Let $x,y\in\mathbb{R}^n$, with $x_1\geq x_2\geq...\geq x_n$, $y_1\geq y_2\geq\ldots,y_n$. Say that $x$ majorizes $y$ if $\sum_{i=1}^{k}x_i\geq\sum_{i=1}^{k}y_i$ for $k=1,2,\ldots,n$, with equality happening for $k=n$. Denote the condition of $x$ majorizing $y$ by $x\succ y$.
It is well known that there exists a matrix $A=(a_{i,j})_{i,j\in[n]}$, with $a_{i,j}\geq0$, $\sum_{k=1}^na_{i,k}=1$, and $\sum_{k=1}^{n}a_{k,j}=1$, for all $i,j\in[n]$, such that $$y=Ax$$ Such matrices are called doubly stochastic.
How to efficiently compute some such matrix $A$, given $x,y$?

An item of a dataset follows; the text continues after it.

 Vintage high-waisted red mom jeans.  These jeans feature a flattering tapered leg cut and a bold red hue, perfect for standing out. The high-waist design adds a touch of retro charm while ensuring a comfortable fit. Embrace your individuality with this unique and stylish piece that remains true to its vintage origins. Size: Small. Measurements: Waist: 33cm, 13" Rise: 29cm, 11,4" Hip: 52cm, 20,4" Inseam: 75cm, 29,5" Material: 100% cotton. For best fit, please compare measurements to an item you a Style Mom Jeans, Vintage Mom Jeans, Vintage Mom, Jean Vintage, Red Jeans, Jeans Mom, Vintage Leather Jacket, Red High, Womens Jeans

A common way to show the existence of $A$, it by constructing $x=x_0\succ x_1\succ\ldots\succ x_m=y$ with each $x_i$ differing from $x_{i-1}$ by at most two components. A transformation $x_i=A_ix_{i-1}$ is simple to write, and then one can take $A=A_m\dotsm A_2A_1$. Here $m\leq n-1$.
One can even require the form $A=(|u_{i,j}|^2)_{i,j\in[n]}$, where $U=(u_{i,j})_{i,j\in[n]}$ is unitary.
In both cases these yield an algorithm in which we update (multiply) a matrix up to $n-1$ times.
Is there a way to do better?
Informally, these two solving the convex optimization of minimizing $\|y-Ax\|^2$ over Birkhoff's polytope (the set of doubly stochastic matrices) moving "close" to the boundary. Perhaps other strategies that make updates more in the interior could be able to perform better.